前面,衛崧正笑着感嘆:“大水沖了龍王廟,竟然這也能遇到熟人……”
他絲毫不察,身後的兩個人,掌心相扣,正用力地攥在一起。
謝汀那一霎那呼吸都屏住,猛地擡頭看向應辭許,可他卻神色如常,只憊懶地倚靠在座椅上,眸光投向前方,放松地同衛崧說話。
聲音裏笑意湛湛:“可不是麽,确實是……巧了。”
尾音意味深長地拖慢,在唇齒間咀嚼出一絲奇異的意味,他偏頭看向謝汀。
她的手很冰,掌心有黏膩的汗漬,瓷白修長的指端略略僵硬着,被他牢牢捏在手心裏,那涼意就透過血管沁入他皮膚裏。
他眉心微斂。
衛崧同他又東拉西扯了幾句,到底是不熟,有陌生人在,也不好與謝汀說什麽,只好轉過頭去。
車裏靜了片刻,一時無人開口。
“冷?”途徑鬧市區,外頭吵吵嚷嚷的聲音覆蓋掉車裏的寂靜,應辭許微微側首,低聲問她。
謝汀擡眸看他,路燈燈影婆娑而過,在車內閃閃爍爍,一幀一幀地照亮他的眉眼。
也映照出他眼底淡淡的關切。
謝汀緩慢地、長長地籲出一口氣來,脊背緩緩放松,輕輕搖了搖頭,而後手臂後撤,想要掙脫。
可她怎麽鬥得過他?
他力氣大的很,她又怕動作太大吸引前面人的注意,真是頗受掣肘,咬着牙用力了半晌也沒拽開分毫。
“你給我松開!”她累的臉通紅,怒瞪着他,壓低聲音惡狠狠罵他,“不要臉的狗東西!快松開啊啊啊啊!”

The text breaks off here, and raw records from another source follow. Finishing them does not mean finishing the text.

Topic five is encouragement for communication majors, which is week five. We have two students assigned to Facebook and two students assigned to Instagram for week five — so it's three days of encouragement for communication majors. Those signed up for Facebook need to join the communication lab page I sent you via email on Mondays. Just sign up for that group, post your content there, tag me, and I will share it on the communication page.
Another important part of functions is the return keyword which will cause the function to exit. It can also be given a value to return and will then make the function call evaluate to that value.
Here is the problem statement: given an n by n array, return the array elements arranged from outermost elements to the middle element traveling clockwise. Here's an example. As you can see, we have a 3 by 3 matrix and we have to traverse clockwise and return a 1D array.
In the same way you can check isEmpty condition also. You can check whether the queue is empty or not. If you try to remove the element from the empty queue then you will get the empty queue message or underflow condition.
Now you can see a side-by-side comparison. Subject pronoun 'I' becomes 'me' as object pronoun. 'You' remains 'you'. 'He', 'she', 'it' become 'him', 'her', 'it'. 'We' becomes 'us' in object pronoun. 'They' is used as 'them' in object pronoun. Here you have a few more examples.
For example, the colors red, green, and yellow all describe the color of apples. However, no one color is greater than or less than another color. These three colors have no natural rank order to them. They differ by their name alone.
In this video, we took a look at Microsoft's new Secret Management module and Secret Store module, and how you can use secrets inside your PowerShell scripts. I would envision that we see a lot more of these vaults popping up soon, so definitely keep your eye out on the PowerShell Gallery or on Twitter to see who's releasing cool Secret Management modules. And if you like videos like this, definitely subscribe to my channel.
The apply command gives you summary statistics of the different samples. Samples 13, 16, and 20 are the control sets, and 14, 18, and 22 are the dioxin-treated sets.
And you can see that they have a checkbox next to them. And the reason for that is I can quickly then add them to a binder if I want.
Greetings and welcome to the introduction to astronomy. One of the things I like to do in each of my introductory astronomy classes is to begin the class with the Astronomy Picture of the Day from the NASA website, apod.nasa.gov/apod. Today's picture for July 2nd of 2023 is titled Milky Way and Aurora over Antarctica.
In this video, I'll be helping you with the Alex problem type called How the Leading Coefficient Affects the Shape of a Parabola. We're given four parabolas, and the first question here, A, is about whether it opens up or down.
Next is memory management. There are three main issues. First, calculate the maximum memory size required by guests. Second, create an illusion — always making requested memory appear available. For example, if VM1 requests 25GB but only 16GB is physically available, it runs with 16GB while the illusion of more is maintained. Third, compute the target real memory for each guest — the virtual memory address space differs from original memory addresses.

這幅模樣,要不是車裏有外人在,她都要撲上去一口咬死他算了!
口罩覆蓋的面龐下,應辭許輕輕勾了勾嘴角。
狗崽子一如既往地牙尖嘴利,連瞪人的時候,都這樣鮮活有趣。
這種時候,當然應該毫不知趣、不知死活地繼續逗她。
要是她急的跳腳,咬牙切齒恨不得張口咬他,那就再咬一次喉結好了。
蓋章的次數,不嫌多。
“不松。”他壓着聲音也壓不住笑意,“我手太熱,你給我降降溫。”
謝汀:“……”
你媽的,要不要臉啊啊啊啊!!!
紅燈,車停,周遭再次靜下來。
兩人不約而同地閉了嘴,同時目視前方,正襟危坐,那模樣,好似兩個毫不相幹的陌生人。
陌生人藏在暗影裏的手正交扣纏繞。
他掌心滾燙,緊緊貼合着她的,饒是謝汀累的氣喘籲籲,仍是掙不脫、逃不開。
漸漸地,她手上的涼意終于褪了些許,染上了他的溫度。
應辭許拇指一下下摩挲着她的手背。
謝汀籲了口氣,徹底放棄了。
本還僵硬着的手腕也松下來,不再梗着和他作對,手指柔軟地蜷縮進應辭許掌心,乖得不得了。
他眼底染上笑意。
車子駛入醫院停車場,衛崧轉頭道:“到了。”
在頂燈亮起的一瞬間,兩人默契地松了手。
應辭許目光灼灼地偏頭看了她一眼。
謝汀面無表情,右手握成了拳,掌心裏還殘留着些許汗漬,溫熱的。
她有一瞬的走神。
衛崧笑着看過來,說:“汀汀在車上等吧,下去容易被人認出來。”
謝汀對上他陽光的笑顏,忽然有一絲窘迫。
媽的……一種在人眼皮子底下偷情還他媽偷成功了的羞恥感油然而生,她下意識避開了他的眼,說:“嗯,好的。”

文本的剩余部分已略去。